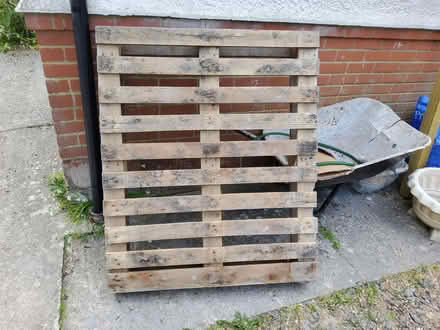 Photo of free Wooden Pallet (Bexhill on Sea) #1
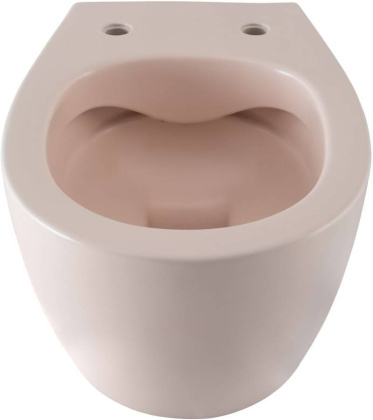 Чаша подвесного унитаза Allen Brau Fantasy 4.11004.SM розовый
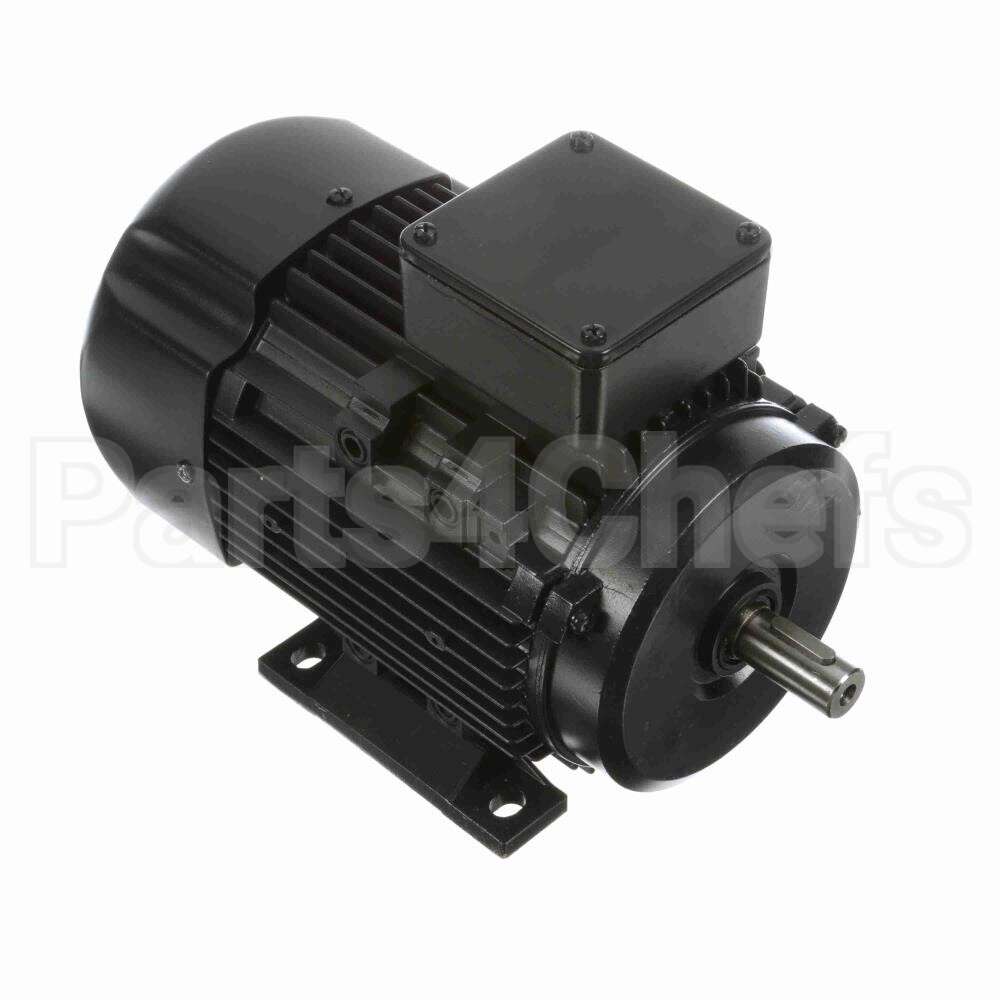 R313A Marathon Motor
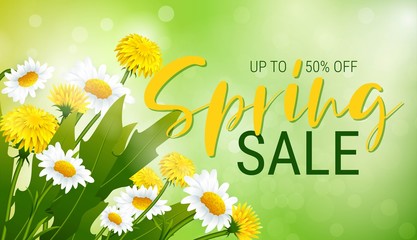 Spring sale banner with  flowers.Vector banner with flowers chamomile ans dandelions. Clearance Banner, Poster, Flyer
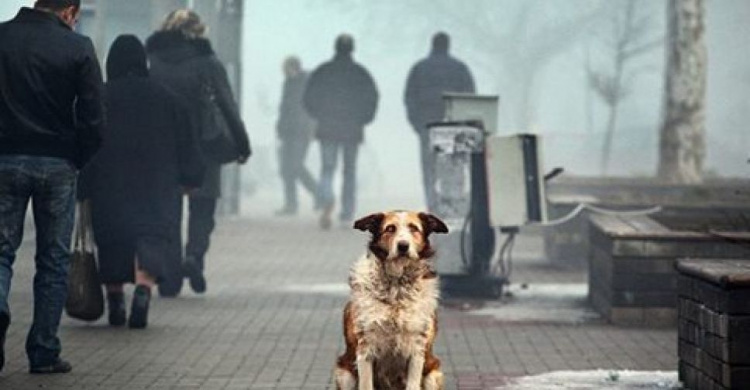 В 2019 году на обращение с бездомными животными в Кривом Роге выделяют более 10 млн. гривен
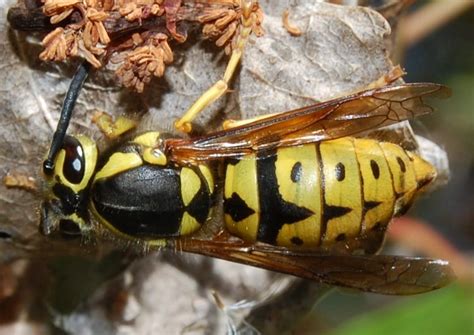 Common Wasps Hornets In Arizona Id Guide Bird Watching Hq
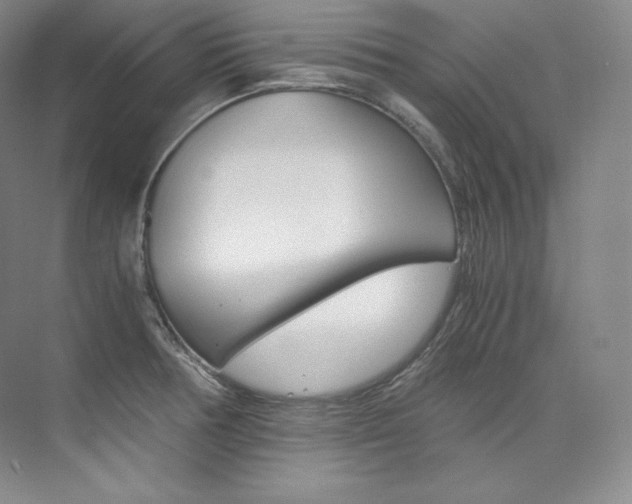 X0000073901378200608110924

____

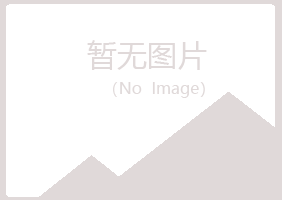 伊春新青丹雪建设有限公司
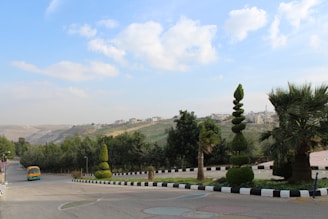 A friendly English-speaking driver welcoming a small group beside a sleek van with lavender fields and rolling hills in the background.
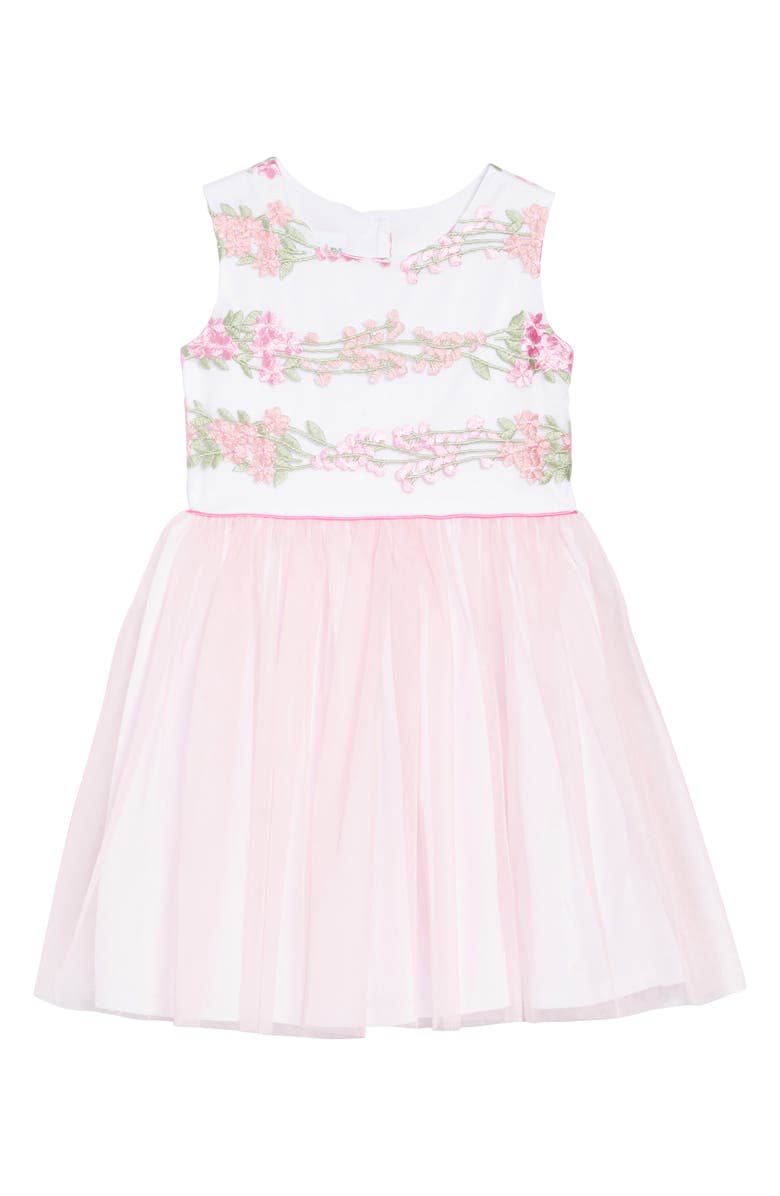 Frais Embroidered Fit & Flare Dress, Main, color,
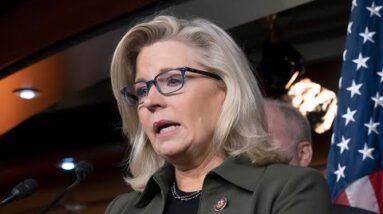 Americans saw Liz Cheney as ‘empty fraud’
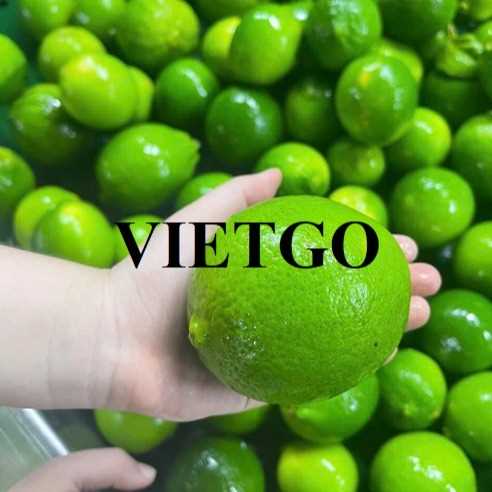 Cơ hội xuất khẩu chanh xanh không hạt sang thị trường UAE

____

**What is expected:** Take the entries above and copy exactly the lines starting at the one with "伊春新青丹雪建设有限公司" and ending at the one with "Cơ hội xuất"; nothing outside that span, and no pictures.

**Exercise response:**
 伊春新青丹雪建设有限公司
 A friendly English-speaking driver welcoming a small group beside a sleek van with lavender fields and rolling hills in the background.
 Frais Embroidered Fit & Flare Dress, Main, color,
 Americans saw Liz Cheney as ‘empty fraud’
 Cơ hội xuất khẩu chanh xanh không hạt sang thị trường UAE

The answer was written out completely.